Fitch gives Sri Lanka sovereign bond BB- rating; warns against bad budgets and war

Oct 08, 2007 (LBO) – Fitch Ratings has given a speculative BB- rating for Sri Lanka’s upcoming sovereign bond but warned that a worsening conflict could cause a credit downgrade and called for lower inflation and better budgets. “Steering inflation back down to single digits will be essential for sustaining strong economic growth and containing the government’s debt service costs,” Fitch sovereign ratings director Paul Rawkins said.

Sri Lanka’s inflation is now running at 17.3 percent as monetary policy was not tight enough to contain expansionary fiscal policy.

Fitch said the outlook on the rating was lowered to negative in April 2006 after an internal conflict with the separatist Tamil Tigers intensified, because it could lower growth, undermine economic stability and affect Sri Lanka’s ability to repay debt.

If the war worsened and hit government finances and the economy harder, Fitch warned that it will have to downgrade Sri Lanka’s sovereign rating.

Standard & Poor’s has already given Sri Lanka a rating a notch below at B+ but recently lifted the outlook to stable.

Fitch said better budgets were needed if Sri Lanka was going to make it a habit to borrow commercially abroad.

“Fitch opines that concerted fiscal consolidation is required to reduce the vulnerability of the economy and the public finances to adverse shocks and to smooth the transition to less concessional sources of fiscal and external funding,” the agency said.

Fitch says it does not believe that the opposition United National Party would “wilfully default” on the bond as it had threatened to do, should it come to power in the future.

The UNP has publicly challenged the legality and the economic rationale for the bond issue and has threatened to disavow the debt and withhold payments on the bond, while the government has said that it was properly authorised.

“…Fitch currently judges that any future UNP administration would not wilfully default,” the rating agency said.

Sri Lanka is hoping to raise 500 million dollars in international markets and has appointed HSBC, JPMorgan and Barclays Capital as lead managers for the issuance.

Fitch said Sri Lanka’s economy has shown “remarkable resilience” over a long period of time, having negative growth once at the height of the war in 2001.

Economic growth was 7.4 percent last year, the highest in two decades with higher domestic investment and record foreign remittances of 8 percent of gross domestic product (GDP).

In 2007 growth has slowed to 6 percent and inflation had risen to 17 percent driving yields on government debt to similar levels.

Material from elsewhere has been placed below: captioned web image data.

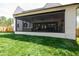 Screened in outdoor kitchen with seating and dining, great for entertaining guests at 4005 Brevard Pl, Raleigh, NC 27609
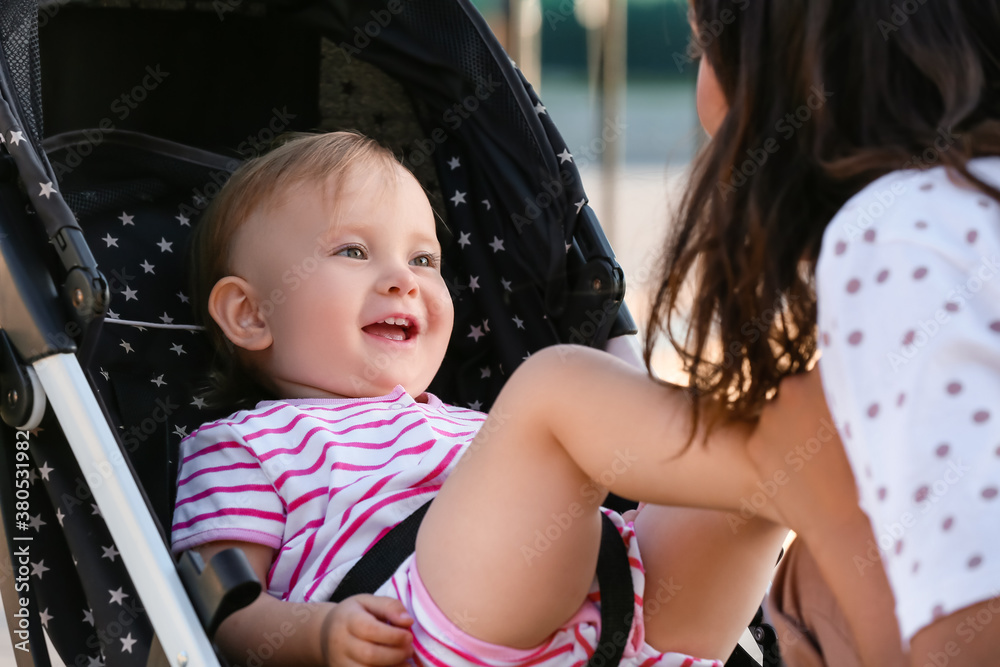 Woman and her cute baby in stroller outdoors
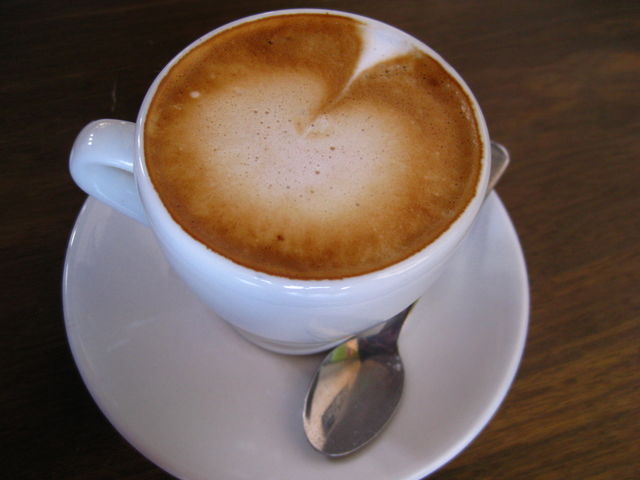 Cappuccino . A cup of cappuccino on a saucer with a spoon. Taken in Oakland, California.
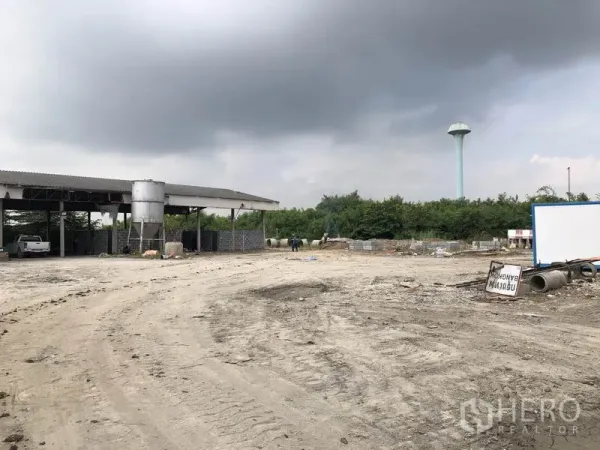 Factory for rent in Phra Nakhon Si Ayutthaya - Expansive work yard beside a covered shed, with a distant water tower and stockpiles.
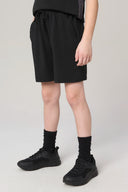 Boy wearing charcoal athletic shorts with drawstring, black socks, and black sneakers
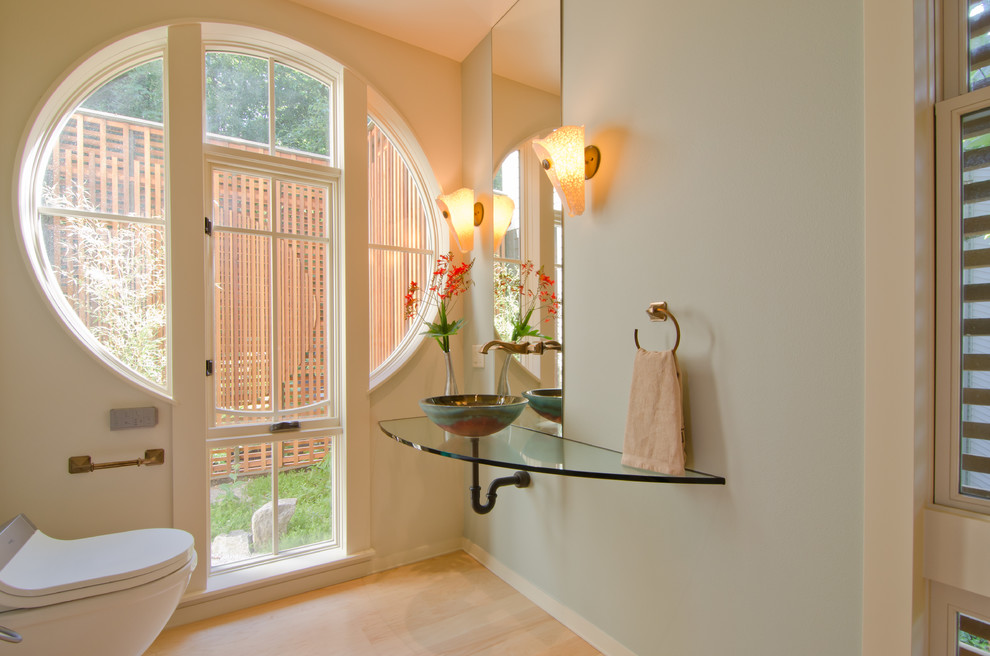 This is an example of a mid-sized contemporary powder room in Portland with a vessel sink, blue walls, light hardwood floors, glass benchtops and beige floor.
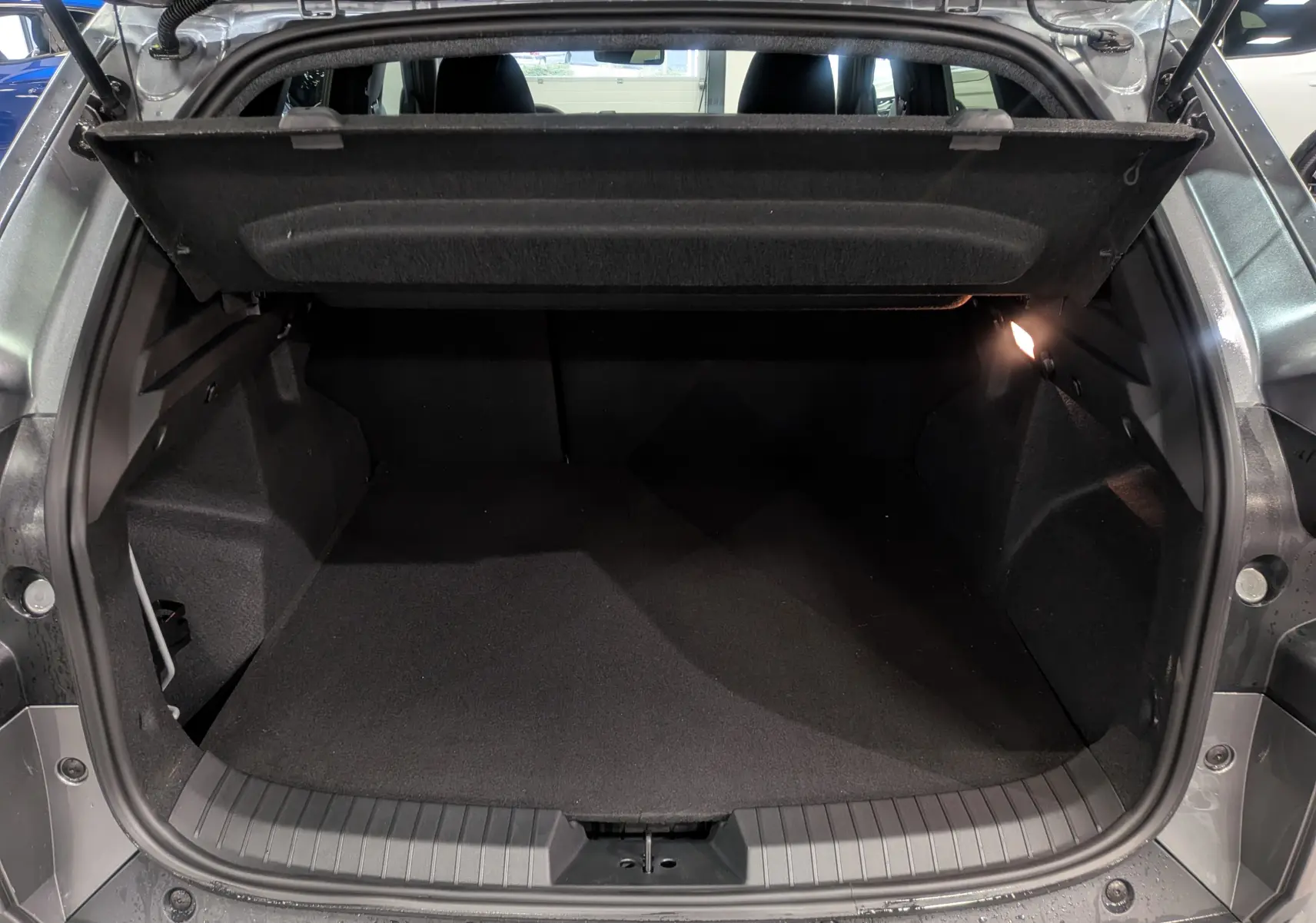 Coffre ouvert vu de l'arrière d'un Dacia Duster gris schiste 2025, montrant un espace de chargement propre et spacieux.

Fitch says that Sri Lanka has an unblemished debt service record – a rare trait among sub-investment grade sovereigns. In 2006 public debt had fallen slightly.

“Nonetheless, public debt remains high by the standards of rating peers at 93 percent of GDP and interest payments absorb almost 30 percent of government revenues, notwithstanding the concessional nature of much external public debt,” Fitch said.

Fitch said if the war affected growth and delayed trimming the budget deficit (including grants) which was 7.3 percent of GDP last year, the government may not be able to reduce national debt to 76 percent of GDP by 2010 as planned.

High levels of human capital development, good governance, reasonably strong institutions and a liberal economic climate, were in Sri Lanka’s favour, while the war remained against the country.

Fitch said the outlook on the rating could be lifted to stable from negative if inflation was brought down, budgets became better and the risk of war to government finances reduced.